I would say you need to even out your numbers, have the best male/female ratio. That usually clears up any aggression between fish of those types


----------



## rckstr1253 (Nov 21, 2011)

Pitluvs said:


> I would say you need to even out your numbers, have the best male/female ratio. That usually clears up any aggression between fish of those types [/QUOTE
> 
> True, how do you find out which is a girl or boy?]


----------



## Mo (Mar 15, 2012)

Males usually harass females and females a noticeably plumper from a top perspective when full of eggs. I would also recommend that you bump up the numbers of glo fish, they are schooling fish and they will pick on the weaker ones when in smaller groups and will target them


----------



## rckstr1253 (Nov 21, 2011)

Yea I been trying to find more but no stores have any more. Petland said they'll order them for me but it'll be until Thurs till they get them in.


----------



## Mo (Mar 15, 2012)

What type of glo fish do you have? The slim bodied ones that come in a wide rane of colors? Or the plumper ones that just come in green?


----------



## rckstr1253 (Nov 21, 2011)

THe plump ones.....these are glo tetra's not the glofish(danios)


----------



## Mo (Mar 15, 2012)

Okay, the. If you can't find access to any glo tetras then you can get black skirt tetras as they are the same species


----------



## rckstr1253 (Nov 21, 2011)

Mo said:


> Okay, the.

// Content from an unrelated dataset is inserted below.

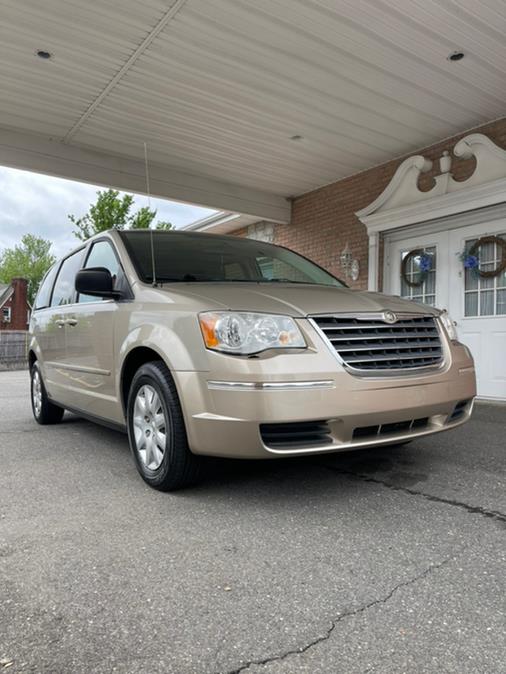 2009 Chrysler Town & Country 4dr Wgn LX, available for sale in New Britain, Connecticut | Supreme Automotive. New Britain, Connecticut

If you can't find access to any glo tetras then you can get black skirt tetras as they are the same species


Well I called a petland near me and they said they will have some glotetra's in later on in the week so they should be fine till THursday right?

If I have a 20 gallon tank and have the following fish
2 red tetra
3 candy cane tetra
3 Glo Tetra
1 Pristella tetra
3 cherry barbs

can I add 3 more pristella's and 1 -2 glo tetras without overstocking my tank or is that a bit too much?


----------